> [RECORDS FOR PROCESSING]:

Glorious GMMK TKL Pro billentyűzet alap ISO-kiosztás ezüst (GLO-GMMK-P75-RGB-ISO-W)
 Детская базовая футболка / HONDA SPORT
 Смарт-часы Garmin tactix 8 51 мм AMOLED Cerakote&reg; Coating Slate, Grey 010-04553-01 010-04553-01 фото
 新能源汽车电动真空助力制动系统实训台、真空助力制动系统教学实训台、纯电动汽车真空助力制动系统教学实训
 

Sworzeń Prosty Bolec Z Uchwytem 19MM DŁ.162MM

> [WHAT YOU NEED TO DO]:
Transcribe the listing shown above in full and without change.

> [REPLY]:
Glorious GMMK TKL Pro billentyűzet alap ISO-kiosztás ezüst (GLO-GMMK-P75-RGB-ISO-W)
 Детская базовая футболка / HONDA SPORT
 Смарт-часы Garmin tactix 8 51 мм AMOLED Cerakote&reg; Coating Slate, Grey 010-04553-01 010-04553-01 фото
 新能源汽车电动真空助力制动系统实训台、真空助力制动系统教学实训台、纯电动汽车真空助力制动系统教学实训
 

Sworzeń Prosty Bolec Z Uchwytem 19MM DŁ.162MM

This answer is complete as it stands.